Not so, Odlyzko and Tilly argue.

"The fundamental fallacy underlying Metcalfe's (Law) is in the assumption that all connections or all groups are equally valuable," the researchers report.

If Metcalfe's Law were true, there would have been tremendous economic incentives to accelerate network mergers that in practice take place slowly. "Metcalfe's Law provides irresistible incentives for all networks relying on the same technology to merge or at least interconnect."

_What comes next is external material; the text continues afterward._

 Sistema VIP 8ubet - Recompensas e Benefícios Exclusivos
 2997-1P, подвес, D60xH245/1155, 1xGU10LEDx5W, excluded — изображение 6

The researchers propose a less dramatic rule of thumb: the value of a network with n members is not n squared, but rather n times the logarithm of n. That means, for example, that the total value of two networks with 1,048,576 members each is only 5 percent more valuable together compared to separate. Metcalfe's Law predicts a 100 percent increase in value by merging the networks.

It's not a merely academic issue. "Historically there have been many cases of networks that resisted interconnection for a long time," the researchers say, pointing to incompatible telephone, e-mail and text messaging standards. Their network effect law, in contrast to Metcalfe's, shows that incumbent powers have a reason to shut out smaller new arrivals.

When two networks merge, "the smaller network gains considerably more than the larger one. This produces an incentive for larger networks to refuse to interconnect without payment, a very common phenomenon in the real economy," the researchers conclude.